Jest rzeczą jasną, że pewien
typ argumentowania nie poddaje się chłodnej kalkulacji, gdyż, jest to de
facto "przekładaniec" emocjonalno-ideologiczny, w którym n.p. budowa Gdyni
kontrastowana jest z bierutowskim UB, a obrona Lwowa sąsiaduje z budową
Nowej Huty i mięsem na kartki w stanie wojennym. Taki to jest koktajl.
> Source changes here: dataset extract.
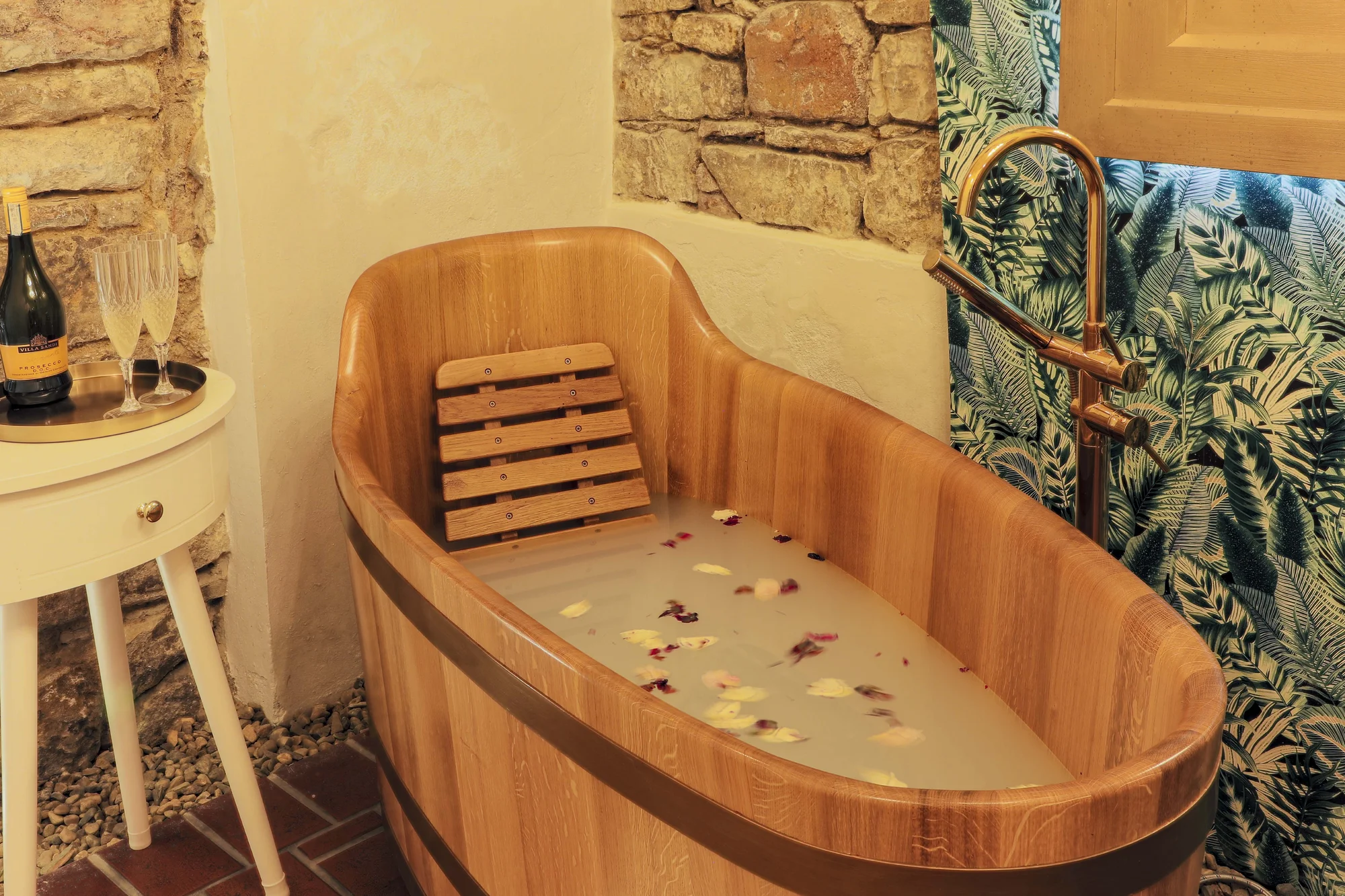 Pobyt ve 4* hotelu ve Slaném: snídaně, slavnostní večeře s vínem i wellness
Do tego dochodzą opowiadania z wyidealizowanego dzieciństwa, wujek powstaniec,
ciocia zesłana na Syberię, no i ówcześni ludzie, zawsze tacy patriotyczni,
zawsze tacy moralni; nikt wtedy nigdy nie przeklinał, a kobiety otaczano
szacunkiem. Teraz jest za to zgnilizna, a lada moment nastąpi najpierw
koniec Polski, a niedługo potem .... koniec świata. Przyznajmy, że ludzi
tak myślących wcale nie jest mało. Fakt, że zmiana władzy przed ćwierćwieczem
odbyła się praktycznie bezkrwawo (tylko kilka ofiar w roku 1989) nie jest
uznawany przez narodowców za wartość samą w sobie. Dziwne to, ale jednak
niesposób odmówić tysiącom moich czcigodnych rodaków prawa do widzenia
świata na swój sposób, gdyby tylko zgodzili się, że można mieć inne poglądy
i dalej pozostać porządnym człowiekiem.
Dwa dni po obchodach w Warszawie,
na plażach Normandii odbyły się dwa desanty. Ten pierwszy był pokazem wojskowym
oraz uroczystością 70-ej rocznicy lądowania Aliantów w okupowanej Europie.
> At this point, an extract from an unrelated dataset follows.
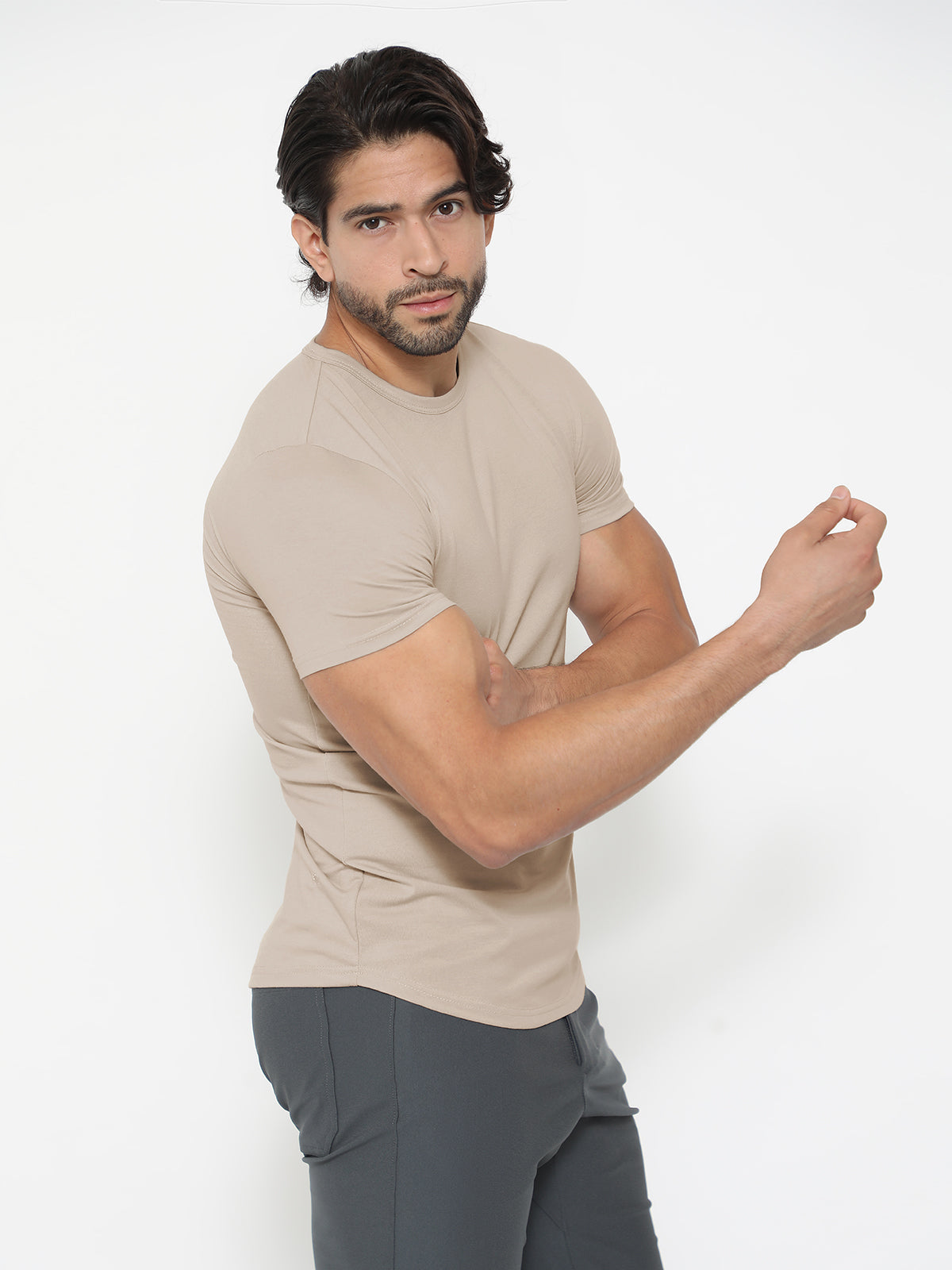 All Day Elite Curve-Hem Tee Kortermet – Aktiv passform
Tym drugim desantem (jak nazwali to niektórzy publicyści) był niespodziewany
przylot prezydenta Rosji na zaproszenie prezydenta Francji w celu wzięcia
udziału we wspomnianych obchodach. Takie rzucenie koła ratunkowego aby
pomóc nieco podtopionej reputacji głównego lokatora Kremla kontrastuje
z wykluczeniem Rosji z klubu największych potęg (już nie G-8, lecz G-7).
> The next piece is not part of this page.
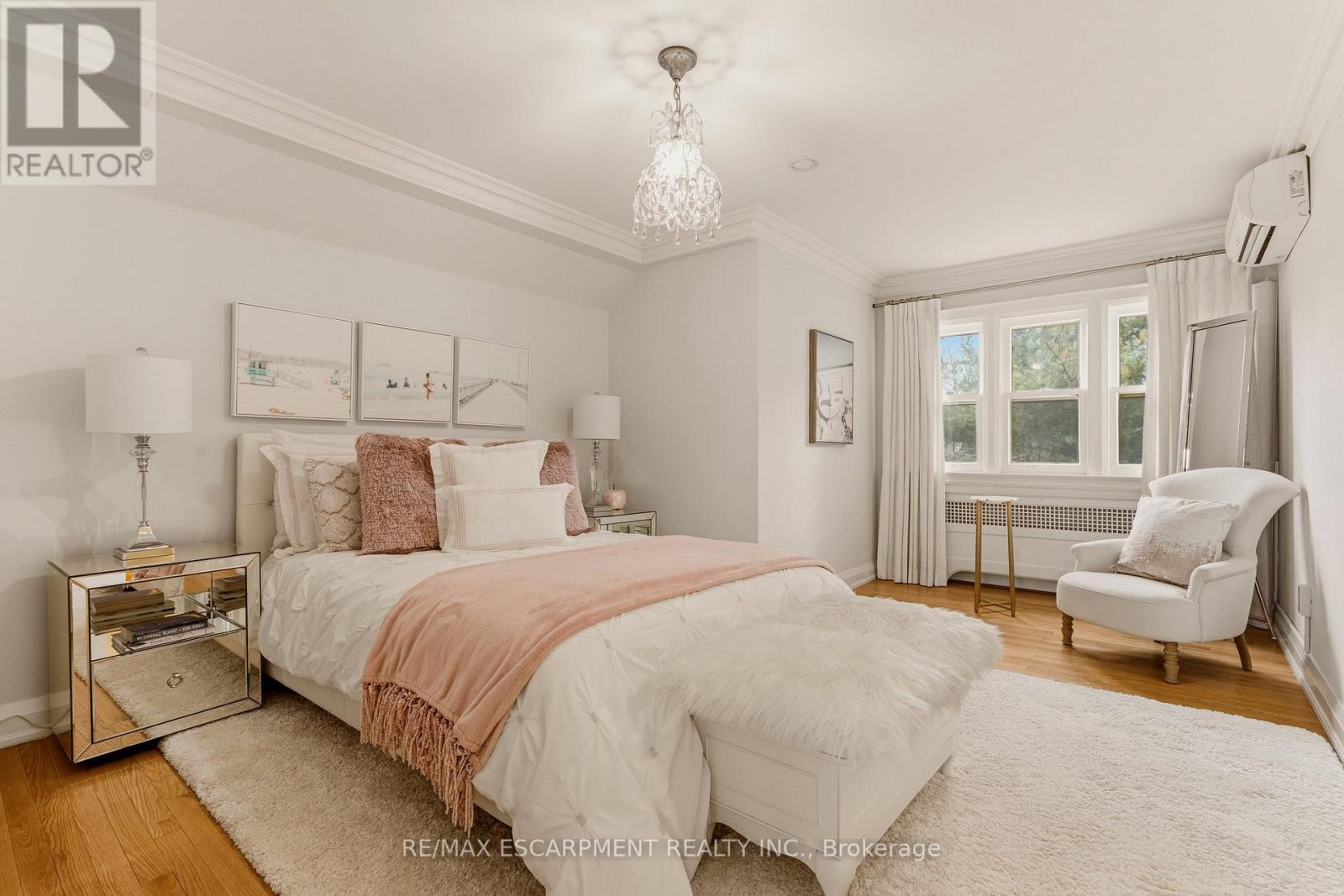 74 Oak Knoll Drive, Hamilton, ON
Wiele tam się dziać nie mogło, ale przynajmniej kamery zarejestrowały gładziutką
jak pośladek niemowlęcia buźkę Putina. I o to tylko chodziło. Inna rzecz,
że kulawy neoliberalizm w fazie schyłkowej najwyraźniej potrzebuje pieniędzy
odradzającego się imperium nr. 3 mającego być, jak zapewniają moskiewskie
elity, nową nadzieją światowego... (a nie nie zgadli Państwo) ... konserwatyzmu.
Niektórzy nawet już dali się na ten haczyk złapać. W Polsce n.p. Janusz
Korwin Mikke, a na Węgrzech Victor Orban. Dziwnie to wszystko wygląda w
epoce postmodernizmu, w której nam żyć wypadło. Nominalny socjalista Prezydent
Francji wysyłający regularnie korpusy ekspedycyjne (pardon: siły pokojowe)
do Afryki, a samoloty nad Bałtyk w celu ochrony Estonii i Łotwy, sprzedaje
sobie najspokojniej do Rosji okręty-helikopterowce "Mistral". Prezydent
Obama, laureat pokojowej nagrody Nobla, ociągający się z działaniem wobec
Rosji, a jednocześnie odpowiedzialny za śmierć ok. 4000 Pakistańczyków,
Afgańczyków oraz Arabów z Jemenu zgładzonych za pomocą zdalnie sterowanych
dronów - to także chodząca sprzeczność. Czyżby Obama był (...nie śmiem
nawet pomyśleć) rasistą i wolał testować swoją broń na nacjach... jakby
tu rzec ...."kolorowych"?
Patrząc w stronę Ukrainy
dostrzegamy wielu poważnych obserwatorów, którzy twierdzą, że jednym z
pierwszych zadań nowego prezydenta tego kraju Piotra Poroszenki będzie
całkowita rozbiórka resztek kijowskiego Majdanu i rozpoczęcie trudnego
okresu reform gospodarczych. Tym niemniej tradycja bezpośredniego, anarchistycznego
oporu pozostaje na tamtych ziemiach żywa. Paradoksalnie, atmosfera
Majdanu, jako wyraziciela sprzeciwu wobec władzy - każdej władzy - przeniosła
się teraz na wschód Ukrainy i to co się będzie tam dziać zagraża na krótką
metę rządowi w Kijowie, ale na długą metę prezydentowi Federacji Rosyjskiej
i tamtejszym oligarchom. Ku zaskoczeniu wielu naiwnych obywateli t.zw.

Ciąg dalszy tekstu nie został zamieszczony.